# DATA EXCERPTS

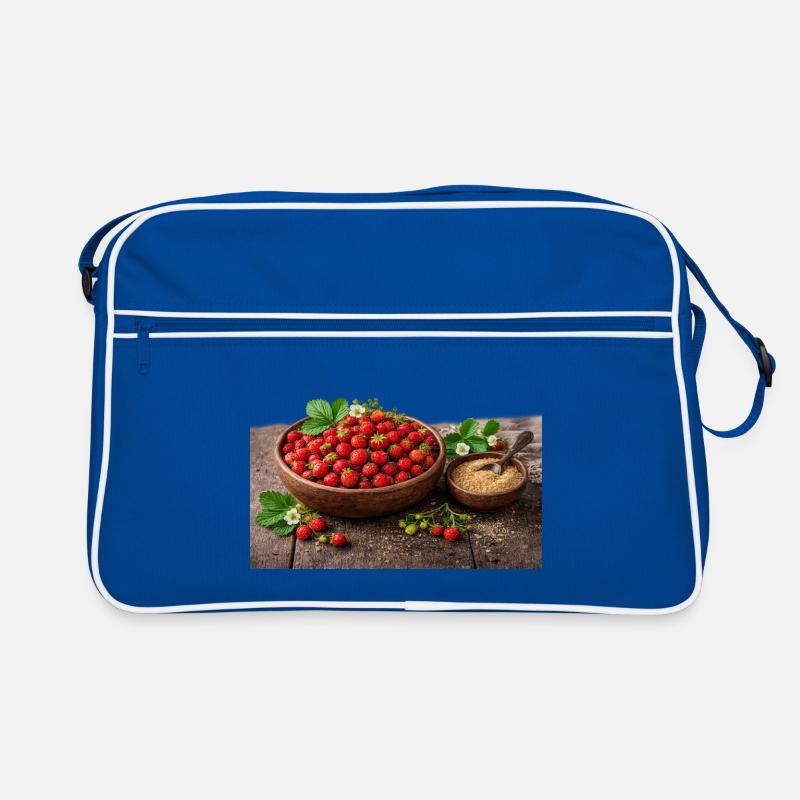 Rustikale Erdbeer-Ernte in Holzschüssel Retro Tasche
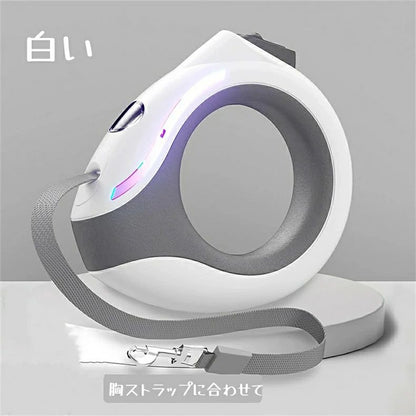 売れ ワンボタンリード (自動伸縮リード) 犬 リード 自動伸縮犬用ロングリード 中大型犬 暴れるダッシュを防止 LEDライト付き 長さ3ｍ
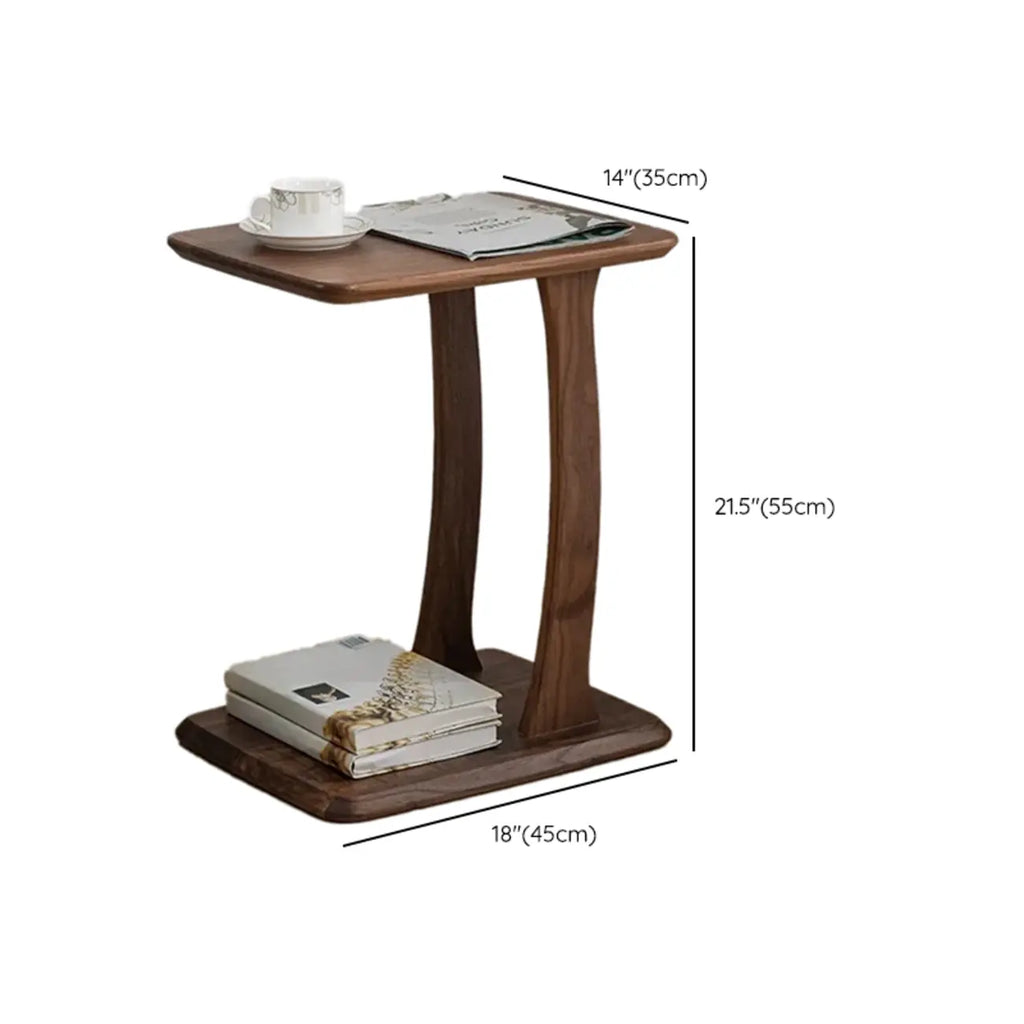 Elegant Solid Wood C-Shaped Side Table for Living Room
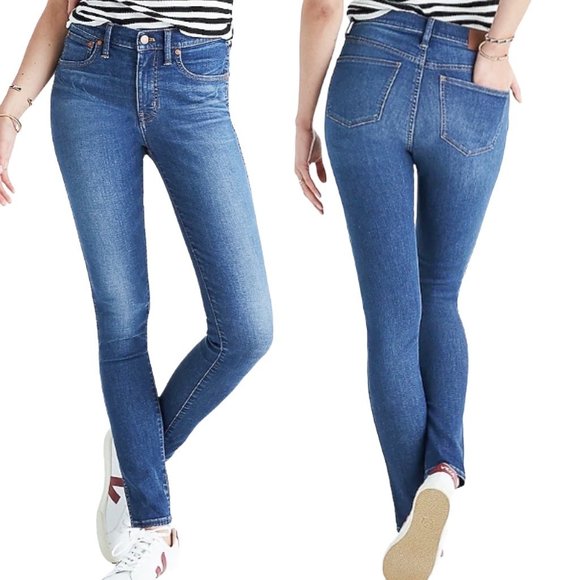 Madewell 9" Mid-Rise Skinny Jeans Medium Wash Denim in Patty Wash Size 26 - Picture 1 of 14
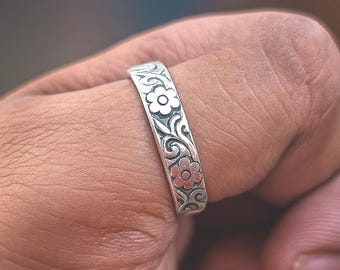 Bague Argent Massif 925 – Jonc Alliance Fleurs – Taille 58 – Vintage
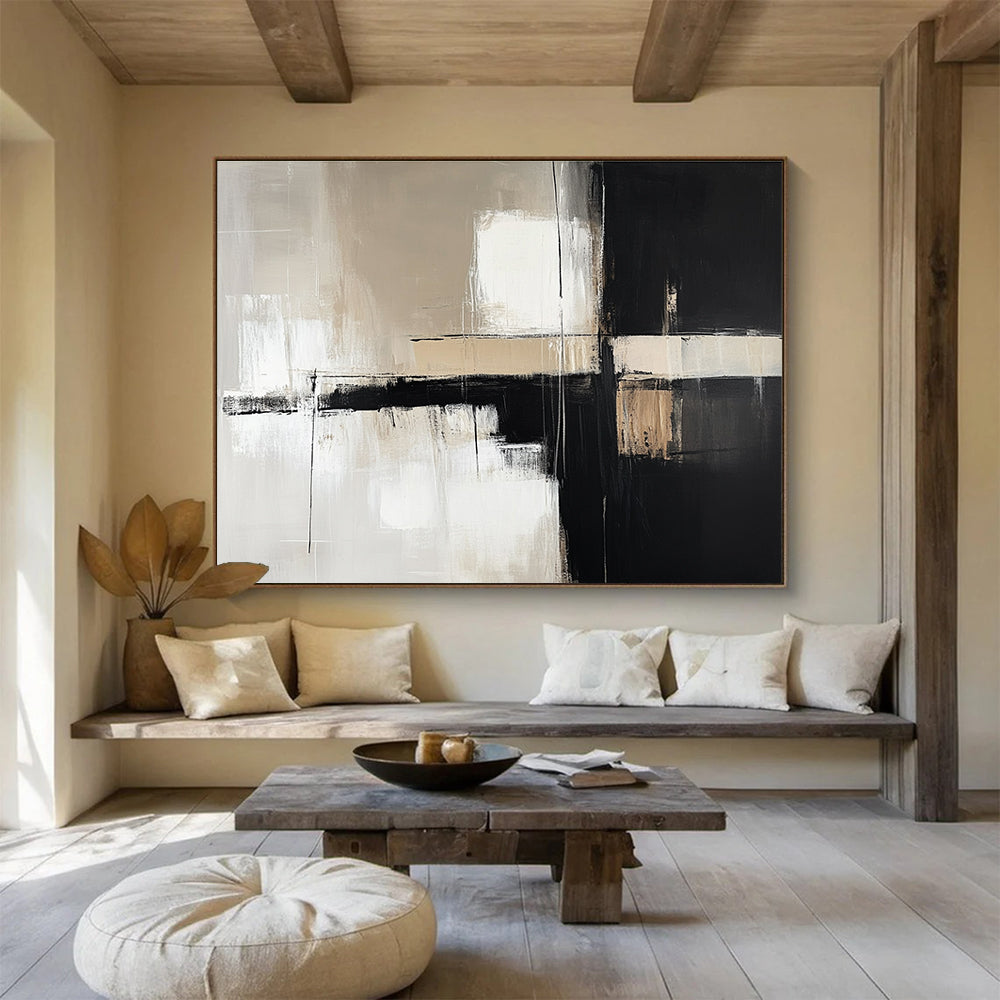 Monochrome Geometry Abstract Painting with Contrasting Blocks DYP388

# AIM OF THE EXERCISE
Apart from the images, every line above needs to be printed again exactly.

# WORKED SOLUTION
 Rustikale Erdbeer-Ernte in Holzschüssel Retro Tasche
 売れ ワンボタンリード (自動伸縮リード) 犬 リード 自動伸縮犬用ロングリード 中大型犬 暴れるダッシュを防止 LEDライト付き 長さ3ｍ
 Elegant Solid Wood C-Shaped Side Table for Living Room
 Madewell 9" Mid-Rise Skinny Jeans Medium Wash Denim in Patty Wash Size 26 - Picture 1 of 14
 Bague Argent Massif 925 – Jonc Alliance Fleurs – Taille 58 – Vintage
 Monochrome Geometry Abstract Painting with Contrasting Blocks DYP388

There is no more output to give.